Friday 20 June 2014

Faith, What's That?



This year has been a testing year. I have friends who are also going through stuff and it made me think about faith. As a Christian, I am always told to have faith. I am always told that I have to trust in God. I am always told that God knows what He is doing. My Mother and my Cousin most especially. They tell me the importance of prayer. It's so easy to be upset because good things happen to other people, but they never seem to happen to you.

So, what does faith mean to me? Faith means having complete trust in God no matter WHAT happens to you. Faith is having hope in the fact that He has your back. It's expecting the best instead of the worst. It's accepting that things happen for a reason and there will be a light at the end of the tunnel.



I can now see that looking back in life, everything I have prayed for...came to pass. If it didn't come to pass, I now realise that it happens later down the line or I didn't need it. Either way, God knows what He is doing. I know sometimes I can let ONE thing destroy my day. If I do so badly on a test or assignment, or I feel that I performed badly after writing an exam (that was just recently, hehe), I let it ruin my day, sometimes, my whole month. Then I think about Jonah's conversation with God after he preached at Ninevah. He was so upset because he thought Ninevah didn't deserve the grace of God. It just seems selfish thinking about it now but it seems like we do this too.

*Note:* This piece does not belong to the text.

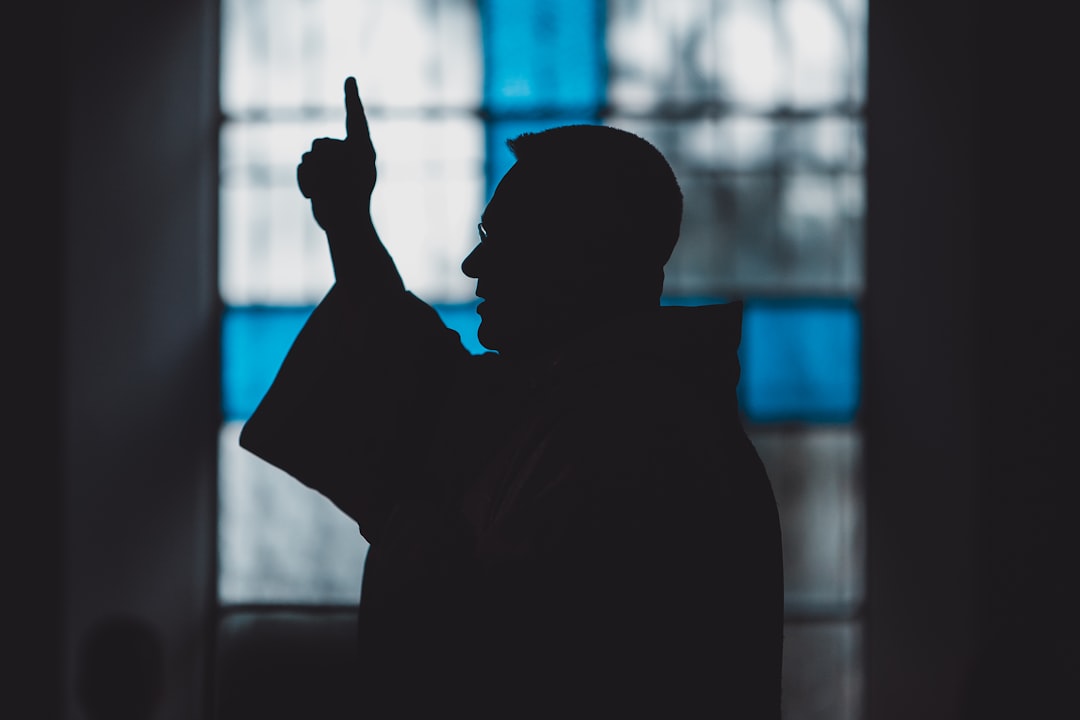 Silhouette di un uomo vicino a una vetrata di chiesa, luce calma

"But to Jonah, this seemed very wrong and he became angry. He prayed to the Lord, "Isn't this what I said, Lord, when I was still at home? That is what I tried to forestall by fleeing to Tarshish. I knew that you are a gracious and compassionate God, slow to anger and abounding in love, a God who relents from sending calamity. Now, Lord, take away my life, for it is better for me to die than to live."
But the Lord replied, "Is it right for you to be angry?"
"Jonah had gone out and sat down at a place east of the city. There he made himself a shelter, sat in its shade and waited to see what would happen to the city. Then the Lord provided a leafy plant and made it grow so up over Jonah to give shade for his head to ease his discomfort and Jonah was very happy about this plant. But at dawn the next day, the Lord provided a worm, which chewed the plant so that it withered. When the sun rose, God provided a scorching east wind, and the sun blazed on Jonah's head so that he grew faint. He wanted to die than to live."
But God said to Jonah, "Is it right for you to be angry about the plant?"
"It is," he said, "I am so angry, I wish I were dead."
But the Lord said, "You have been concerned about this plant, though you did not tend it or make it grow. It sprang up and died overnight. And should I not have concern for the great city of Ninevah, in which there are more than a 120,000 people who cannot tell their right hand from their left - and so many animals?"

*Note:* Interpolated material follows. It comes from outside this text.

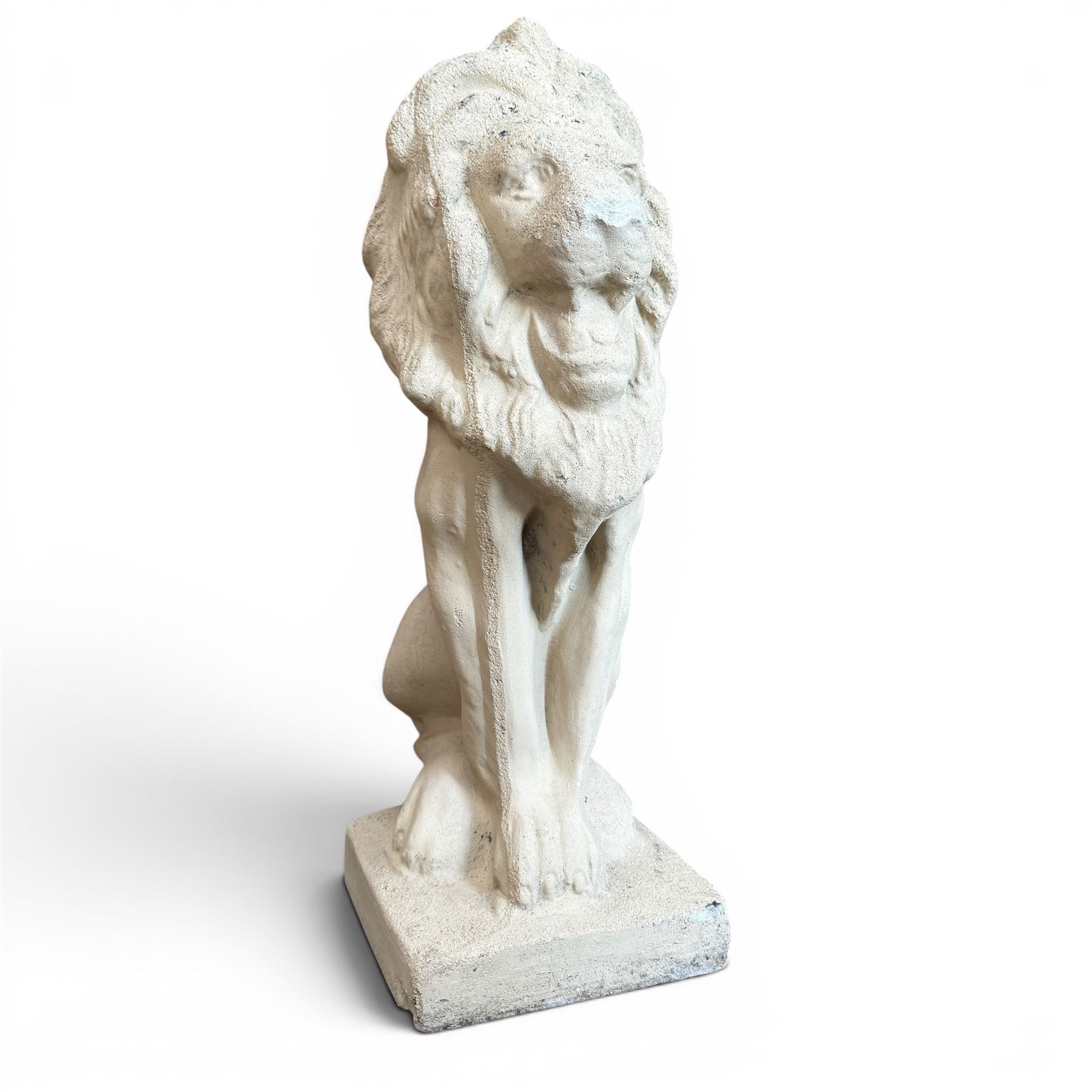 Pair of cast stone seat lions, male and female figure, and a miniature pair of cast stone lions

So, reading about Jonah's conversation with God made me think. There's no point in letting one thing ruin my day or month or year. Besides, the Lord Himself told us that we shouldn't worry about tomorrow, let the day worry about itself. It's so much harder than I thought but I'm working on it.
GOD Himself asked, "how many of us add A SINGLE HOUR to our lives by worrying?" - Matthew 6:27


So, God lovingly allows us to go through tests in life in order to build our faith - to test us to see what is in our hearts. We obviously crack under pressure and look at the scenario through human eyes rather than the Word of God. Right now, looking at my situation - I won't lie, I'm kind of scared, trembling in fear, in fact. What if I don't find a job? What if I don't pass? What if I die in sin? What if I don't truly know God as much as I should. What if my parents are disappointed in me? I have a friend going through this right now. She is in an interracial relationship but afraid that her parents will not accept it. The whole point is, we look through our situations through our own eyes rather than the the Word of God. Nevertheless, unbelief in the fact that God isn't going to pull us through isn't an absence of faith, it's just insufficient.

As I said before, faith is actively believing that God can do it. When we believe that God can do it, there is an action, a response to God's WORD. Faith goes far beyond an intellectual awareness of the Bible. The whole point is...obey and TRUST and BELIEVE in Him.


This whole thing has been around for a long time. It makes me think of the Israelites. How they would relish in the fact that God had delivered them then when a test had come, they would grumble and complain. I don't want to be like that. I want to have faith and relish in the Word of God.

Having faith is the only way that you will ever be able to face calamity or affliction. It was the only way in Habakkuk's day (Read the Book of Habukkuk), it was the only way in the Old Testament and the New Testament and it's the only way NOW.


So if you're going through something, whatever it is...I don't know, fear of being forever alone, fear of failure, fear of neglect...remember that those thoughts are a burden.



  • You shouldn't have to accept them. It's important to get into that place of positivity, hope and faith that the things that are to COME are for your own GOOD. The situations that YOU face now are not forever. You have to look outside of YOURSELF. 
  • Be extremely positive. If you don't have faith or hope, you have nothing. Always remember that whatever you're in NOW is not forever. It's just a stepping stone for what will happen in the future. 
  • Things will not be HARD FOREVER - It will humble you.